7 Types Of Therapies Used In Addiction Treatment

Addiction treatment and recovery is a long process, and various types of therapy are often involved when it comes to making a full recovery. Although there are many different kinds of therapy out there, there are 7 main popular types of therapy that many recovering addicts use during addiction recovery. Here are the 7 types of therapies used in addiction treatment.

1. Cognitive Behavioral Therapy (CBT)

Cognitive-behavioral therapy is a scientifically based therapy that helps a patient recognize how their thoughts, feelings, and behaviors are affected by one another. For example, negative thoughts are likely to make you feel negative emotions such as sadness, which then affects your behavior as well. “This is excellent for those going through alcohol or drug rehab because it teaches recovering addicts how to process their thoughts and emotions productively, which then makes them feel happier and leads to more productivity”, says Terri Edwards, COO at Nova Recovery Center.

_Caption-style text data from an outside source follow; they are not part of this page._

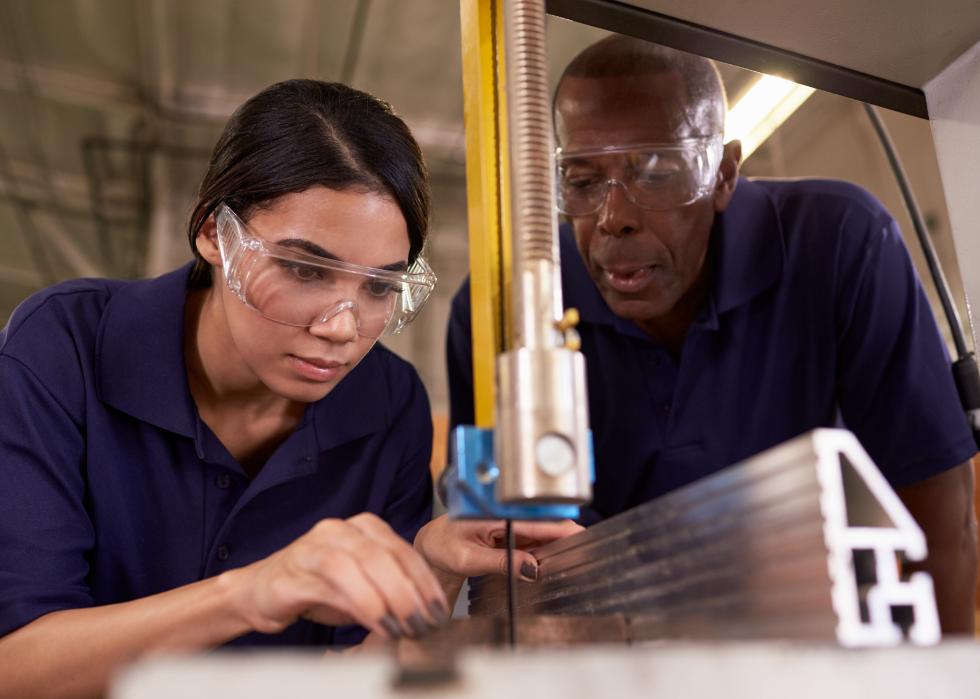 Carpenter training female apprentice to use a mechanized saw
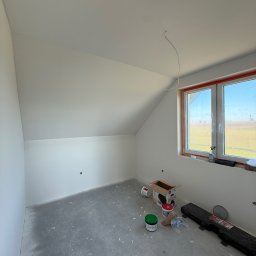 FINALITO - Wykończenia i Budownictwo Oskar Bożys - Pokój na poddaszu po malowaniu na biało, widoczne ślady farby na podłodze, okno z widokiem na pole, puszki z farbą i narzędzia malarskie.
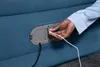 A person's hand is plugging a USB cable into a port on an air mattress. Produktbild-Vorschau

2. Contingency Management (CM)

Contingency management is a specific type of Cognitive Behavioral Therapy that is commonly used during addiction treatment and recovery. This therapy provides physical reinforcers for sobriety. There are two main types of Contingency Management, voucher-based reinforcement, and prize incentives. Voucher-based reinforcement CM rewards the recovering addict with a voucher for certain goods after each negative drug test. These goods could be anything from groceries to movie tickets. Prize incentive CM works in a similar way, but instead of vouchers, the incentive is typically a cash prize. This form of CBT has been shown to be especially effective during an alcohol or Austin detox.

3. Dialectical Behavioral Therapy (DBT)

Dialectical Behavioral Therapy is a type of therapy that is done over time. There are 4 modules involved with DBT. The first 2 modules focus on acceptance, the first being mindfulness and the second being distress tolerance. Mindfulness simply means being present and living in the current moment, and distress tolerance involves accepting that pain is a part of everyone’s lives. The purpose of distress tolerance is to process emotions so that you can move forward.

The final two modules are centered around making changes. The third module is emotional regulation and the fourth module is interpersonal effectiveness. Emotional regulation works on being able to recognize and fully understand your emotions, which then allows you to explain these emotions to others. Meanwhile, interpersonal effectiveness works on communication with others. This way patients can get their needs met without burning bridges or hurting relationships.

4. Rational Emotive Behavior Therapy (REBT)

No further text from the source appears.